**Task details:** Reproduce the full listing as it stands. Images do not belong in the copy.

**Information provided:**
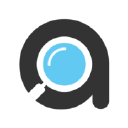 Twitteraudit.com logo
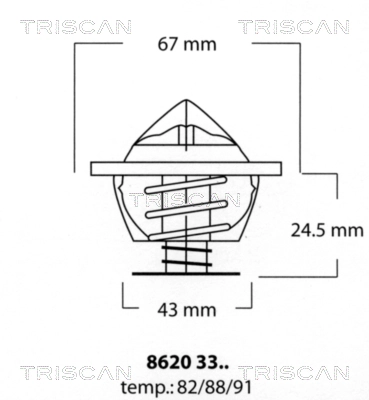8620 3382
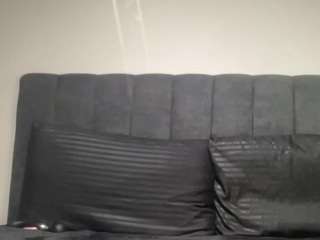 hotmelelo webcam model stream image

**Output for this exercise:**
 Twitteraudit.com logo
8620 3382
 hotmelelo webcam model stream image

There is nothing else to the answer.